* [PROBLEM]: Leave out the images and return all the data word for word.

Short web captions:
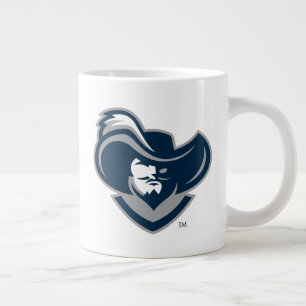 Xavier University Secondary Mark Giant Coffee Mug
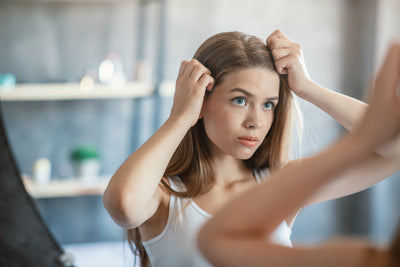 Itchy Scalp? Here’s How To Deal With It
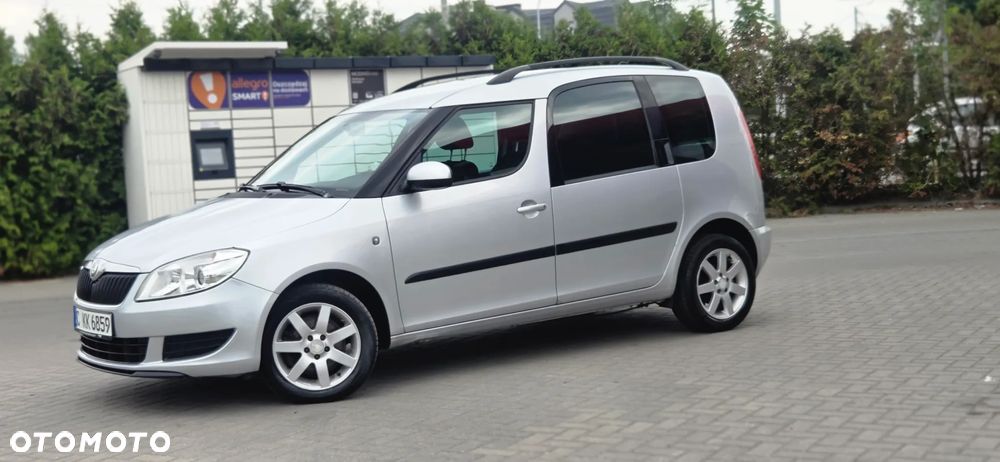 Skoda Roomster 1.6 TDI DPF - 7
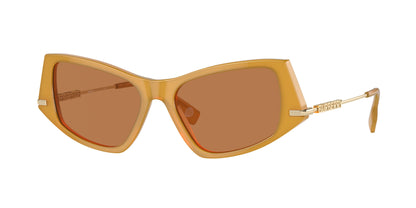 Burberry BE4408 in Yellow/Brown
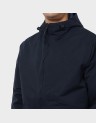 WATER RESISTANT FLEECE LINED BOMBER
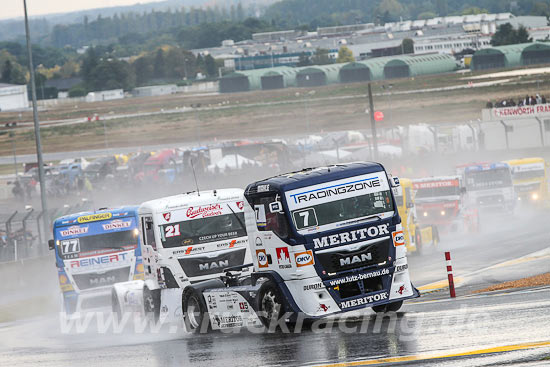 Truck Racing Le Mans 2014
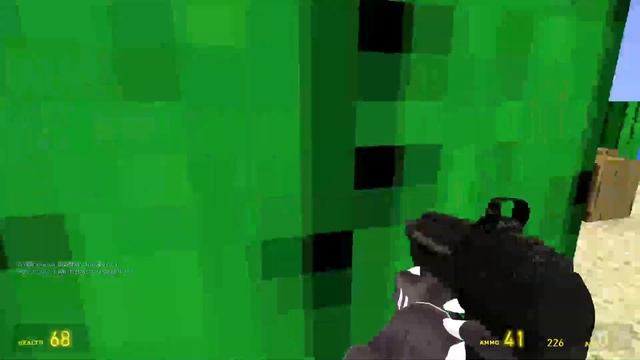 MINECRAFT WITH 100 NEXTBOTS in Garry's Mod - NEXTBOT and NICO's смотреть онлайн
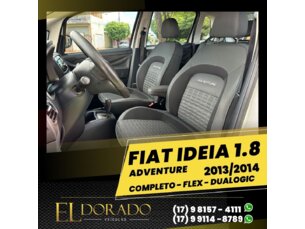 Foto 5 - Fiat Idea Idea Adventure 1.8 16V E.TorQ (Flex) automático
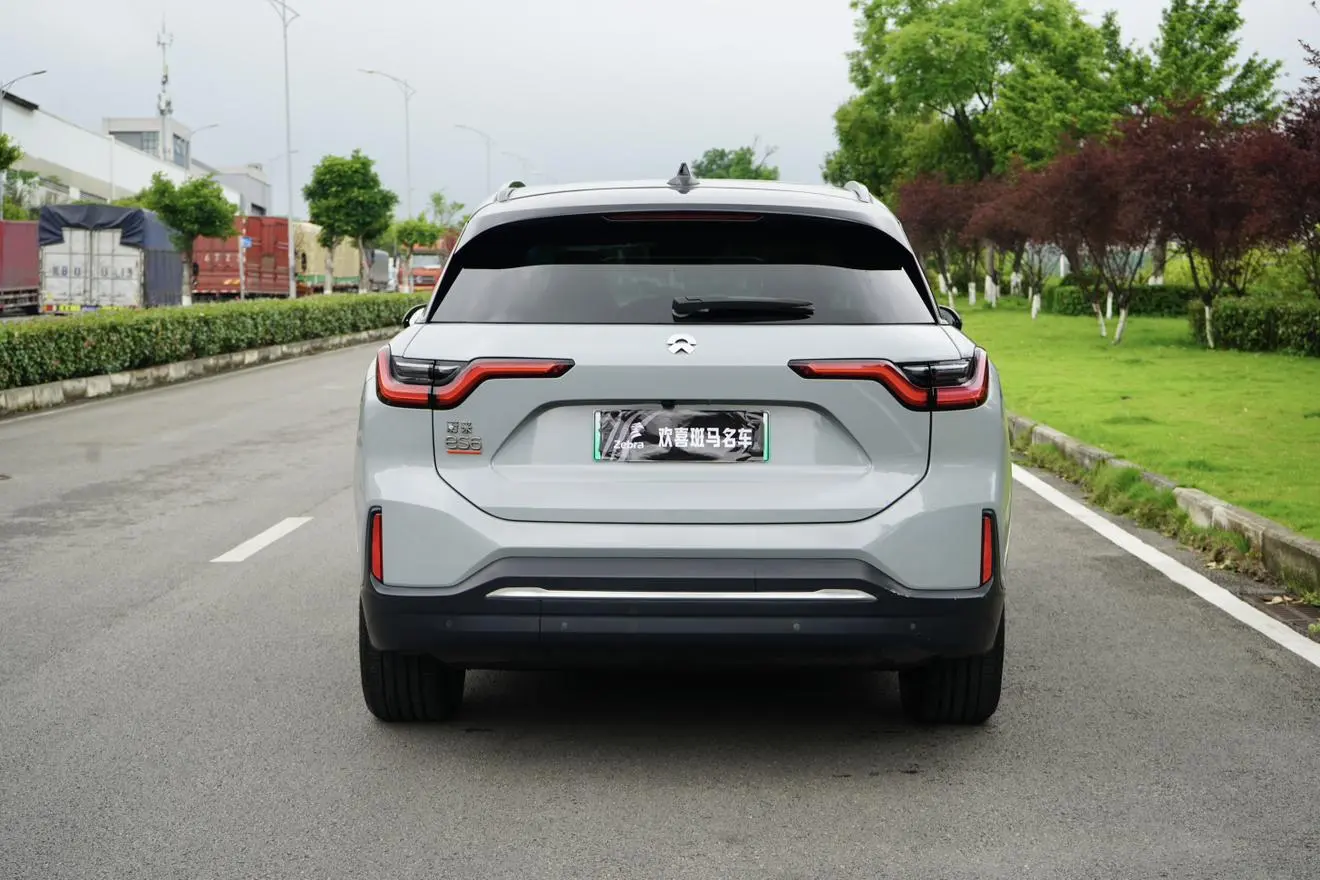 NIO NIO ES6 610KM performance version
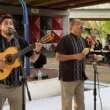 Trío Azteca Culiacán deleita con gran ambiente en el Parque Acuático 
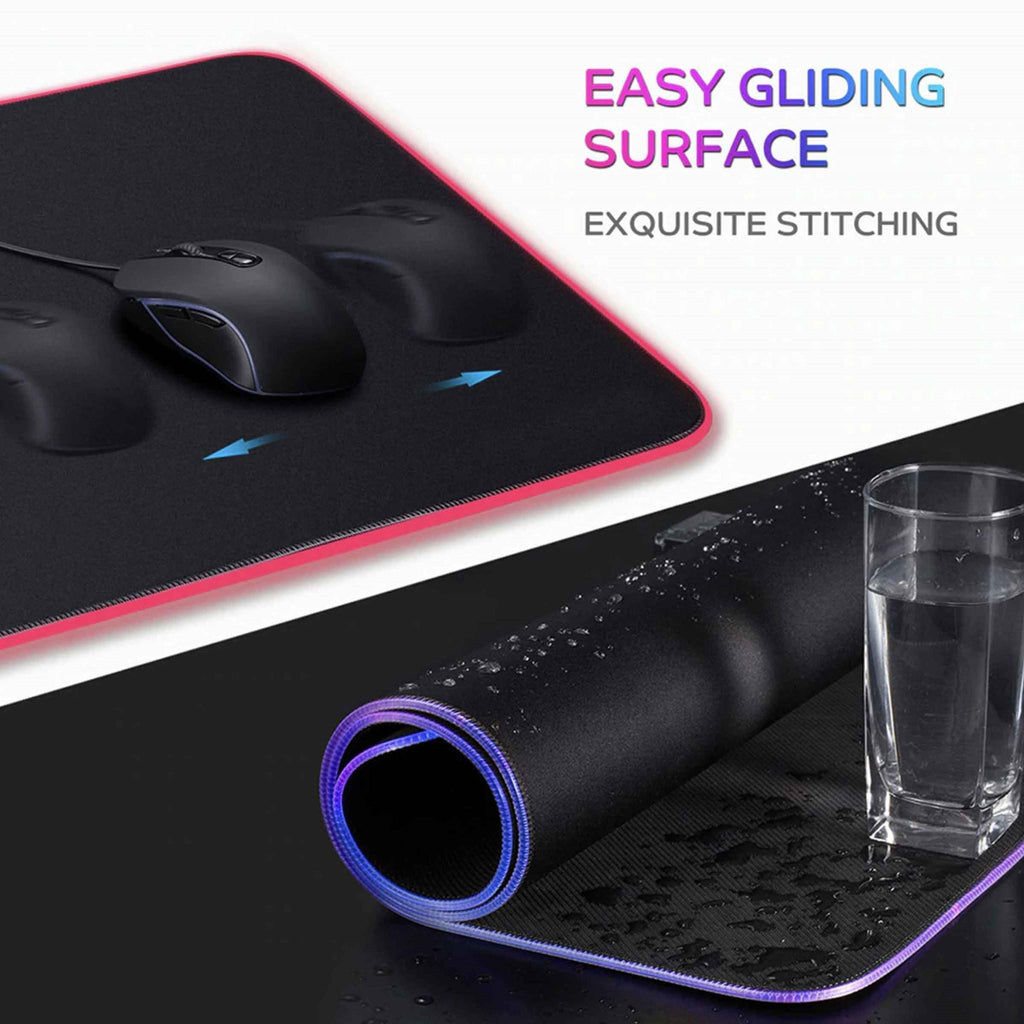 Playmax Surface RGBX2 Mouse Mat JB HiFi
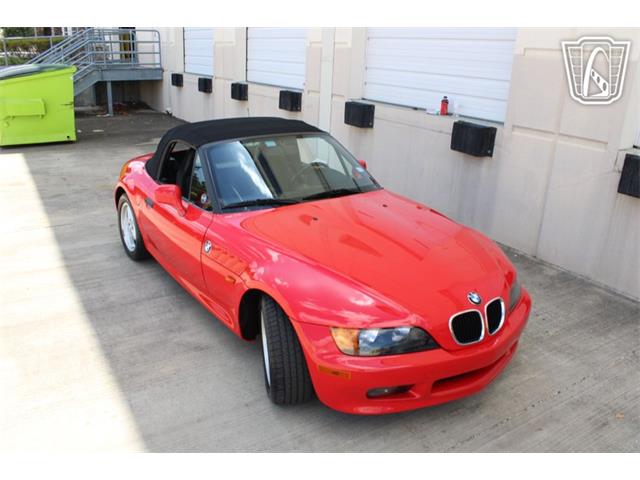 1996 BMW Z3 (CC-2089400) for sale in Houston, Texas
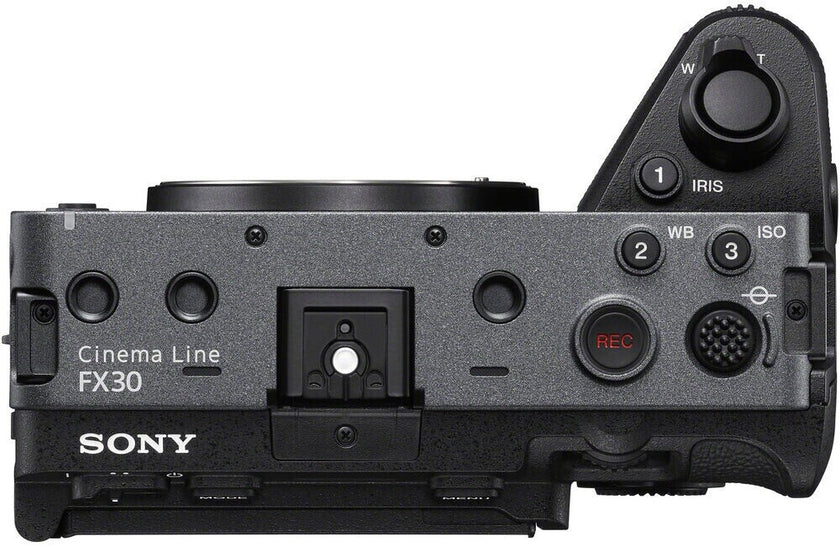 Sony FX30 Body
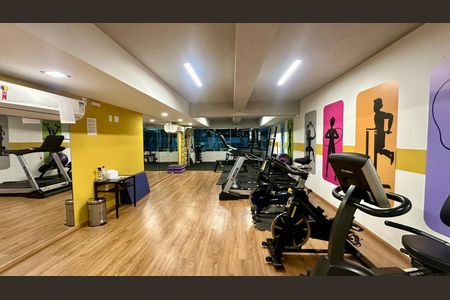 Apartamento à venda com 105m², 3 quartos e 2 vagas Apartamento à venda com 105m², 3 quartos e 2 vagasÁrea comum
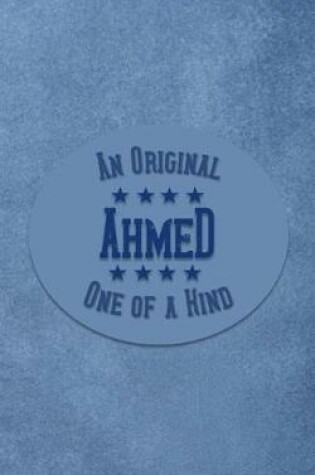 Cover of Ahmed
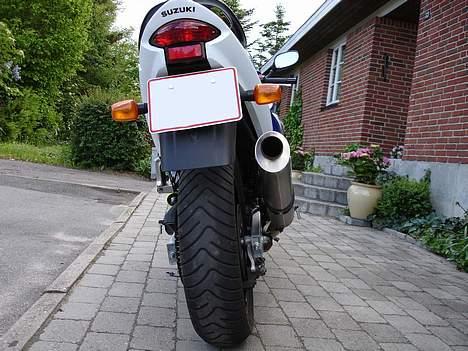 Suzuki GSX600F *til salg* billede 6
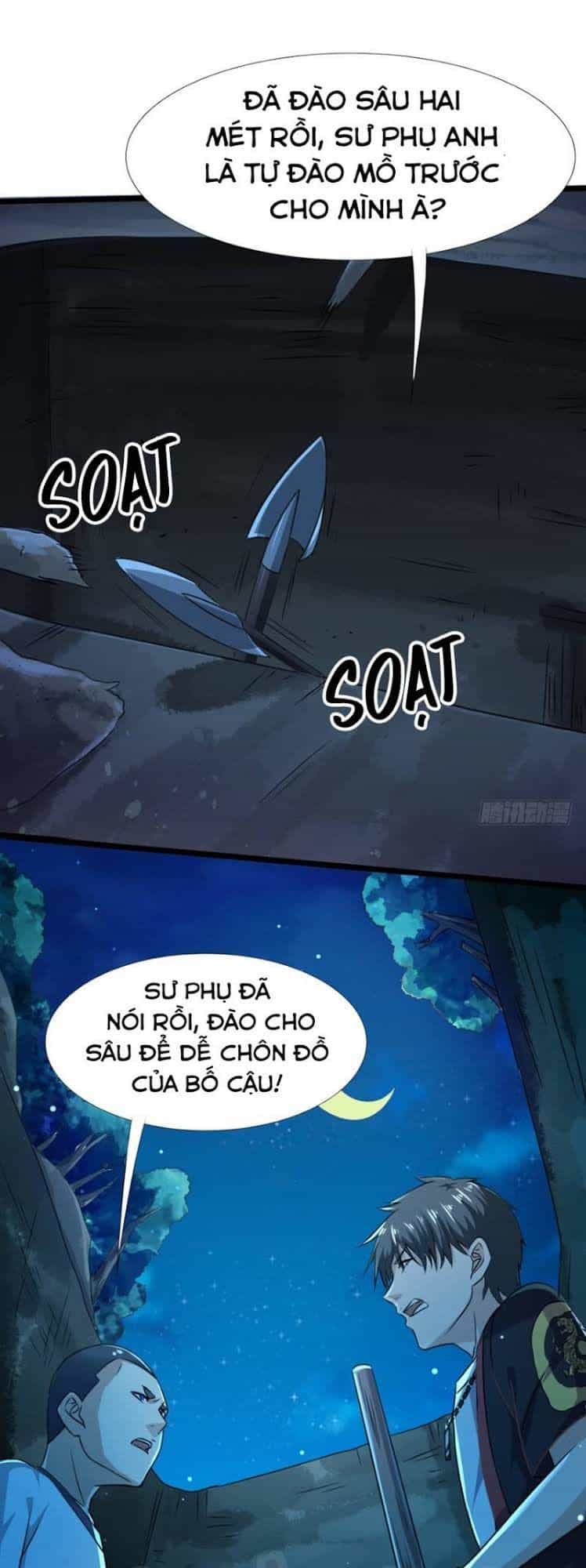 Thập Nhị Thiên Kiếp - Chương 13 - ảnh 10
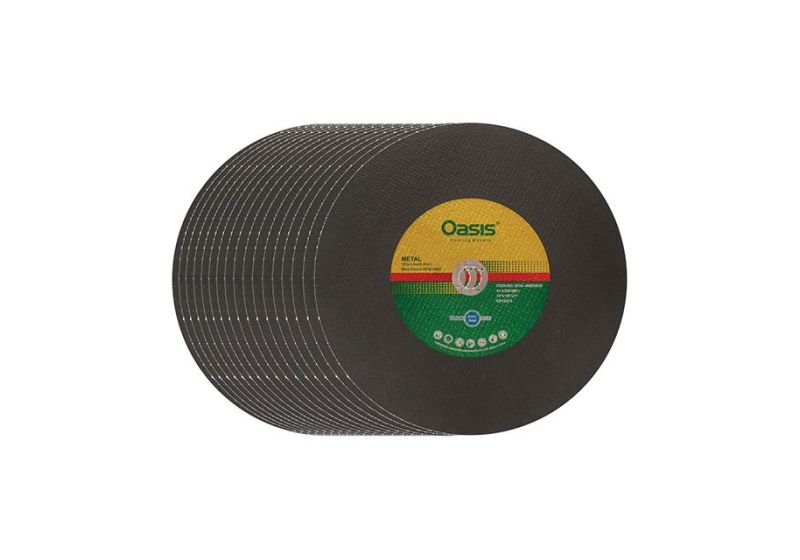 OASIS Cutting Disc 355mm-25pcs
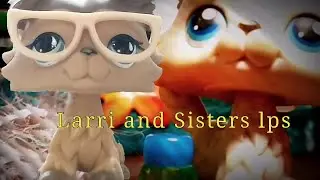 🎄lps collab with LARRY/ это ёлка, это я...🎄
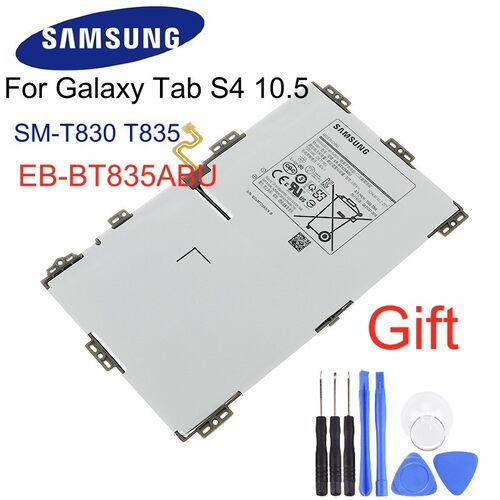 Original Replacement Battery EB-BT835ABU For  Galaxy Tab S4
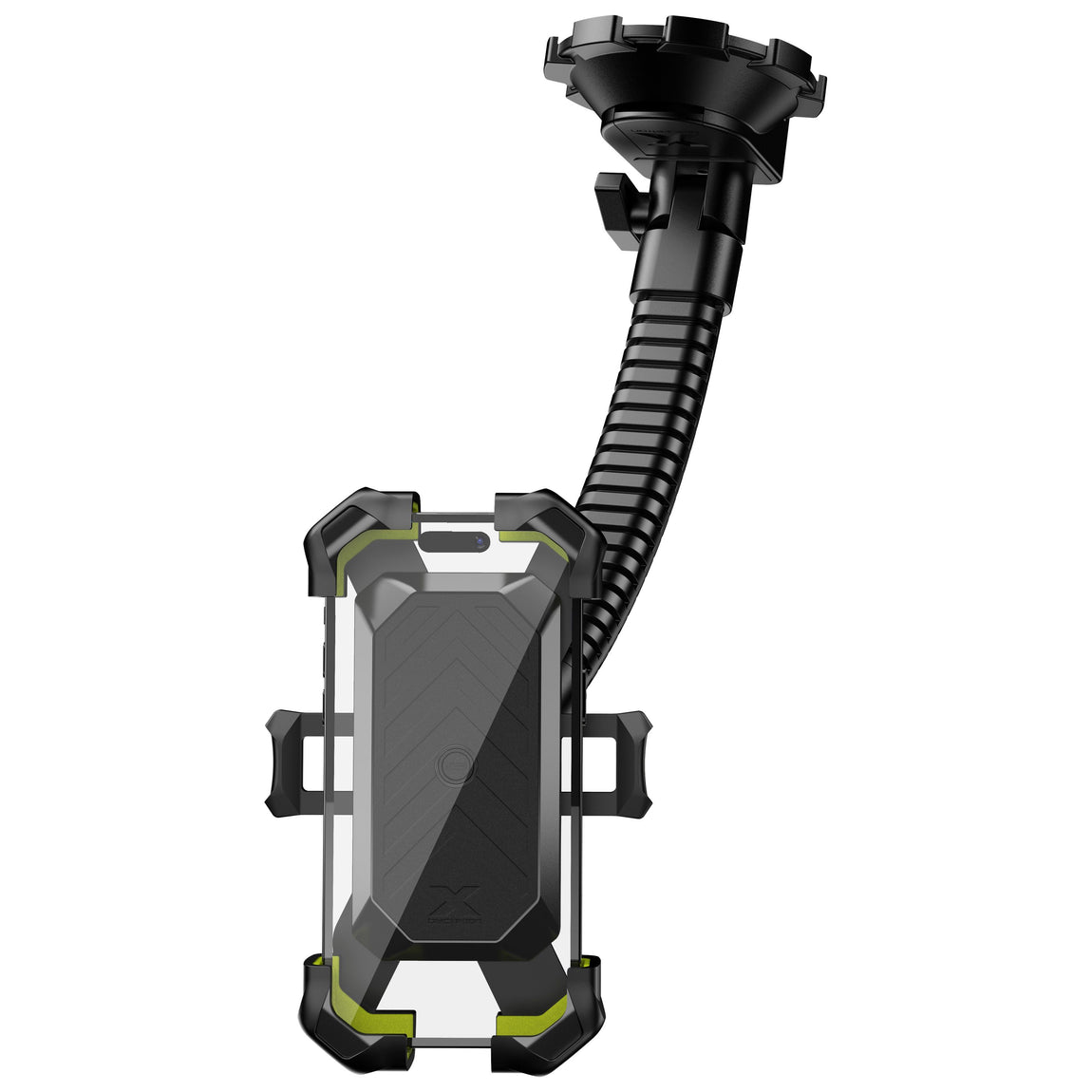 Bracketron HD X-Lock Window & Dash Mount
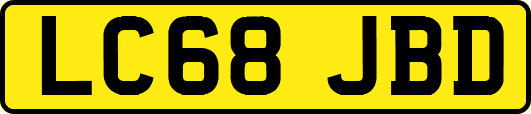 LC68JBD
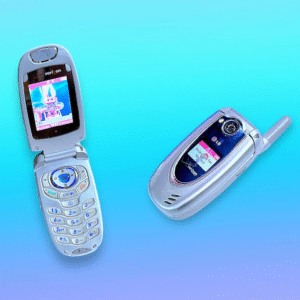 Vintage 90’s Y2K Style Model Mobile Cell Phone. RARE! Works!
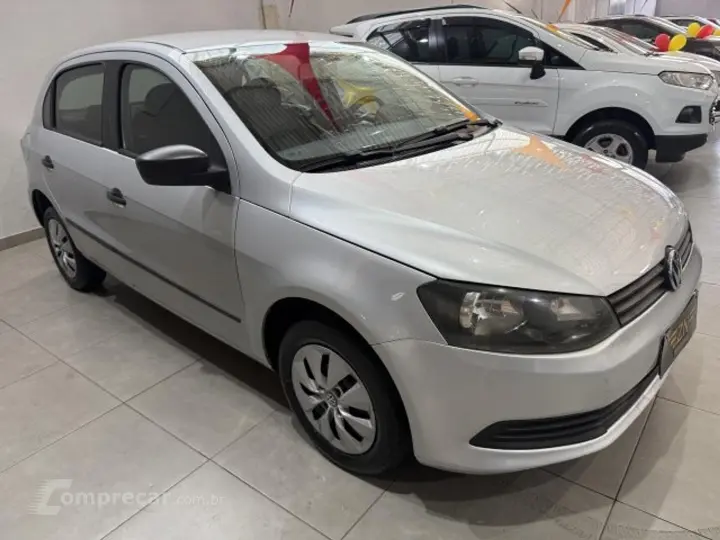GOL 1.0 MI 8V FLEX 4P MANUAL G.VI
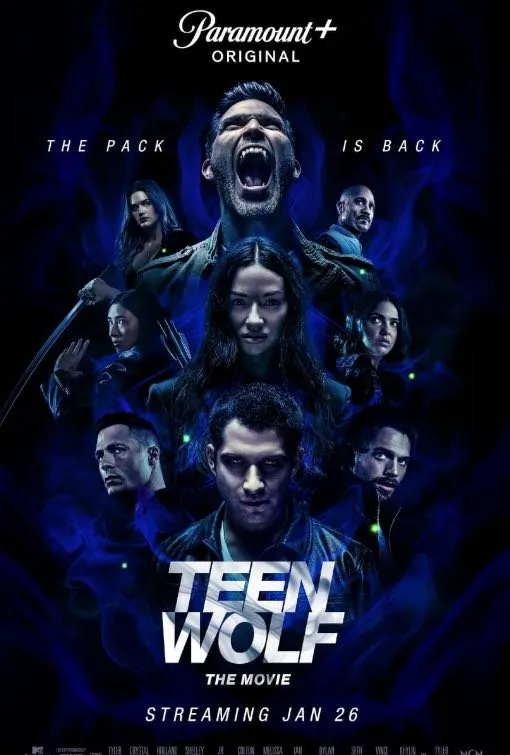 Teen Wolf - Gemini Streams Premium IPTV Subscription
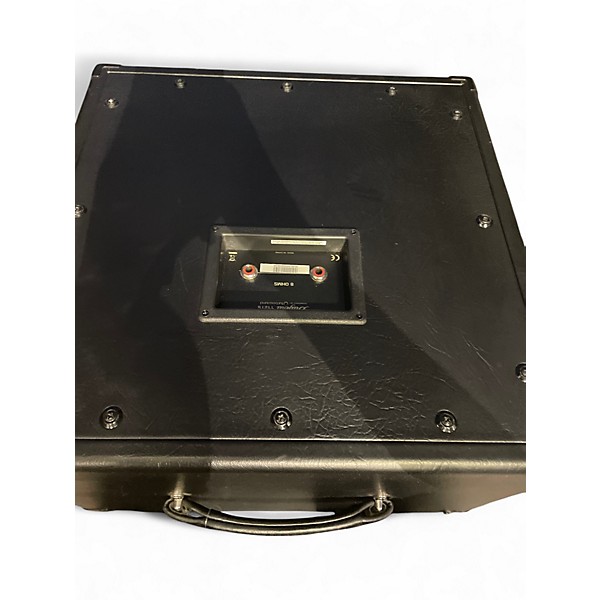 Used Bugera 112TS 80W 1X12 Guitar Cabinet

* [OUTPUT OF THE EXERCISE]:
 Xavier University Secondary Mark Giant Coffee Mug
 Itchy Scalp? Here’s How To Deal With It
 Skoda Roomster 1.6 TDI DPF - 7
 Burberry BE4408 in Yellow/Brown
 WATER RESISTANT FLEECE LINED BOMBER
 Truck Racing Le Mans 2014
 MINECRAFT WITH 100 NEXTBOTS in Garry's Mod - NEXTBOT and NICO's смотреть онлайн
 Foto 5 - Fiat Idea Idea Adventure 1.8 16V E.TorQ (Flex) automático
 NIO NIO ES6 610KM performance version
 Trío Azteca Culiacán deleita con gran ambiente en el Parque Acuático 
 Playmax Surface RGBX2 Mouse Mat JB HiFi
 1996 BMW Z3 (CC-2089400) for sale in Houston, Texas
 Sony FX30 Body
 Apartamento à venda com 105m², 3 quartos e 2 vagas Apartamento à venda com 105m², 3 quartos e 2 vagasÁrea comum
 Cover of Ahmed
 Suzuki GSX600F *til salg* billede 6
 Thập Nhị Thiên Kiếp - Chương 13 - ảnh 10
 OASIS Cutting Disc 355mm-25pcs
 🎄lps collab with LARRY/ это ёлка, это я...🎄
 Original Replacement Battery EB-BT835ABU For  Galaxy Tab S4
 Bracketron HD X-Lock Window & Dash Mount
 LC68JBD
 Vintage 90’s Y2K Style Model Mobile Cell Phone. RARE! Works!
GOL 1.0 MI 8V FLEX 4P MANUAL G.VI
 Teen Wolf - Gemini Streams Premium IPTV Subscription
 Used Bugera 112TS 80W 1X12 Guitar Cabinet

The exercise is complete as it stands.